Alors, dire qu’on va demander $ 400 de plus, même quand on est la Côte d’Ivoire et le Ghana, ça n’est pas suffisant et on l’a bien vu. Non pas au niveau des sociétés de trading mais au niveau des chocolatiers, c’est-à-dire des industriels, eux auraient pu peut-être accepter cette idée mais si tant est d’ailleurs que l’utilisation de ces $ 400 supplémentaires soit véritablement retombéseau niveau des producteurs ce qui, à l’expérience, ne s’est pas toujours passé.

Vu la crise actuelle, pensez-vous que les marchés à terme, donc des marchés financiers, soient encore la meilleure façon de fonctionner sur un marché mondial produits alimentaires ?

C’est peut-être le pire des systèmes mais on n’a pas trouvé mieux.
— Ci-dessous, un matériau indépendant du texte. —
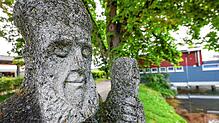 2026 will Radolfzell 1200-jähriges Bestehen feiern – denn im Jahr 826 hatte Bischof Radolt (hier als Statue am Ufer) die Stadt gegründet.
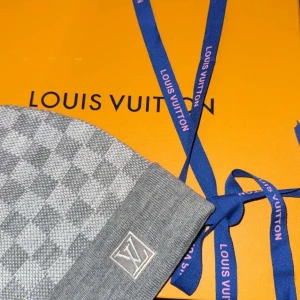 Grå rutig mössa  - Snygg grå/rutig mössa. Helt oanvänd med tagen kvar. Endast påse medföljer inte box. Pris kan diskuteras vid snabb affär!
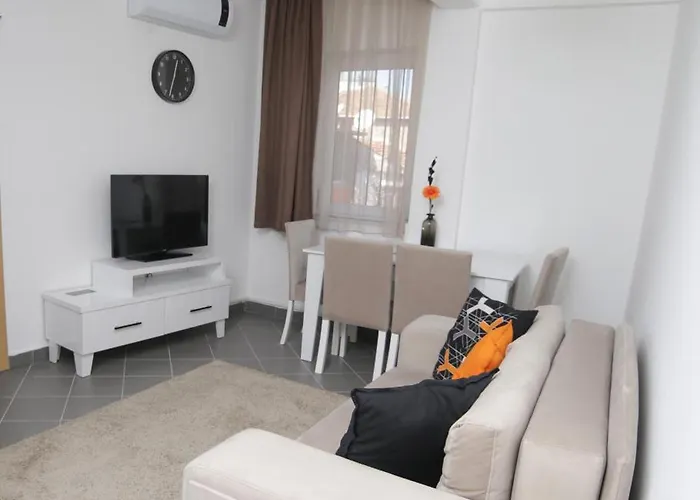 Mai By Downtown フェティエ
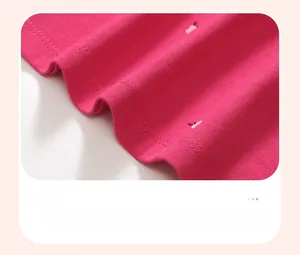 Detalle del dobladillo de vestido rosa para niña con doble costura y estampado floral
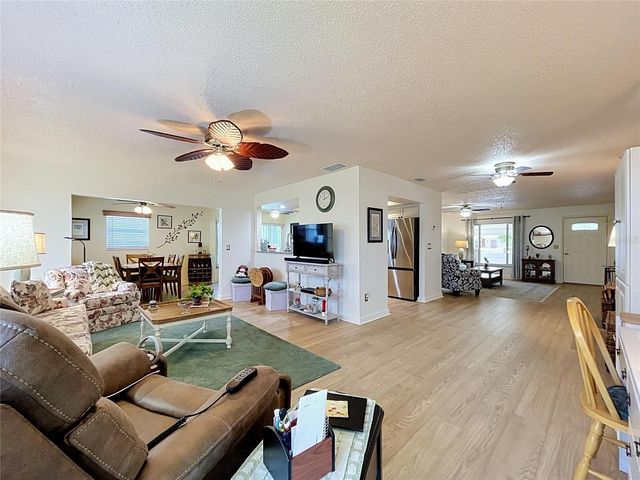 9117 41ST WAY N 5, Pinellas Park, FL 33782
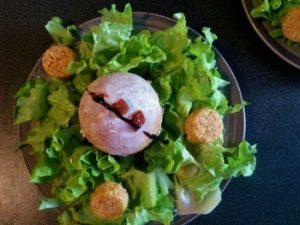 oeuf surprise chèvre et tomates confites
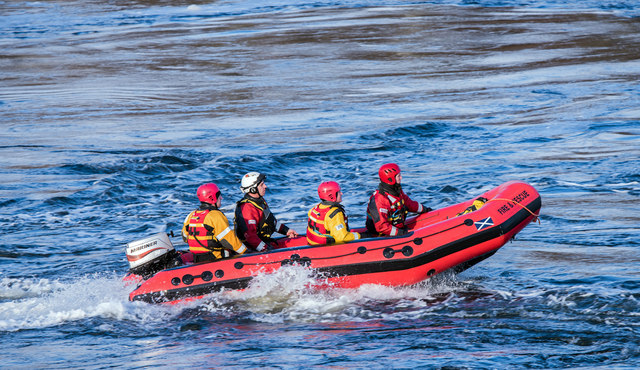 Scottish Fire & Rescue Service exercise... © The Carlisle Kid ...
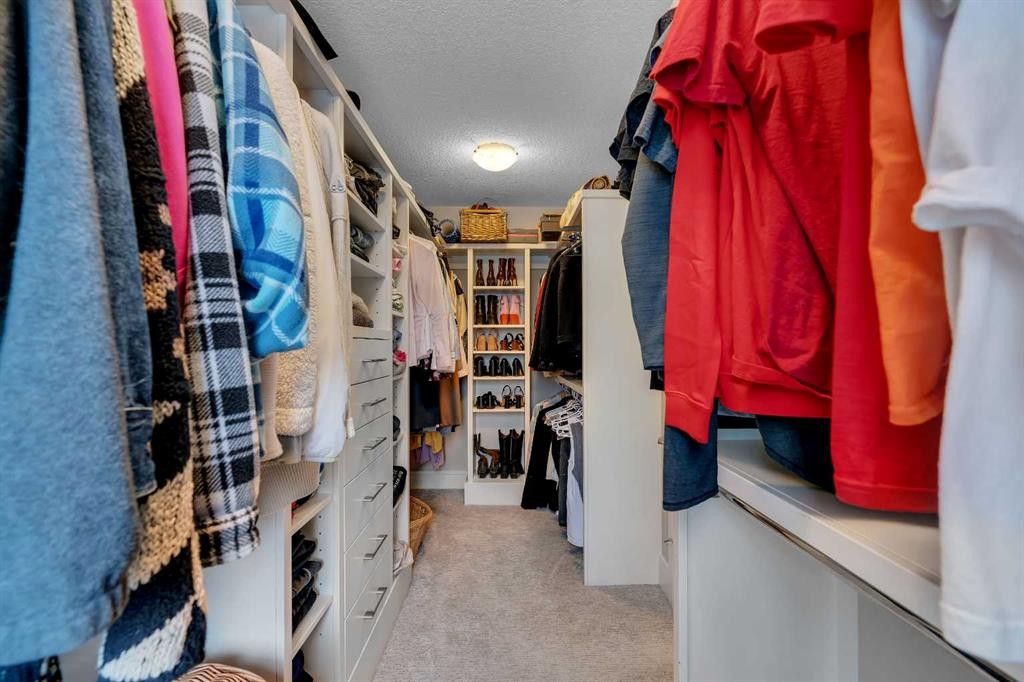 2041 45 Avenue Sw, Calgary, AB - Indoor With Storage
Si vous oubliez cette idée de spéculation, à un moment donné, le prix est le résultat de la somme des anticipations que tout le monde imagine de ce que sera demain le rapport entre l’offre et la demande. Nous spéculons tous… A partir du moment où nous sommes sur des marchés par essence instables, nous sommes dans un raisonnement qui, par essence, est spéculatif.

Quelle incidence la crise des conteneurs a eu sur le vrac et quelle incidence le redéveloppement du vrac aurait-elle sur les filières de matières premières agricoles ?

Cela n’a eu aucune conséquence sur le vrac car, normalement, ce sont des navires qui sont totalement différents.

Alors c’est vrai que cela a relancé la demande pour des « petits » vraquiers qui, jusque-là, étaient des petits navires qui avaient plutôt tendance à disparaitre, en dessous même des « handy size ». D’ailleurs, pour exporter du café du Vietnam, on a réarmé des navires qui avaient été pratiquement abandonnés puisque toute le monde était passé au conteneur.

Donc ça peut se faire. Je ne suis pas sûr que ce soit totalement dans le sens de l’histoire mais pourquoi pas ? Il y a peut-être une niche sur laquelle on peut redévelopper mais ça implique aussi toute une main d’œuvre considérable. Je ne suis pas sûr qu’on pourra le faire.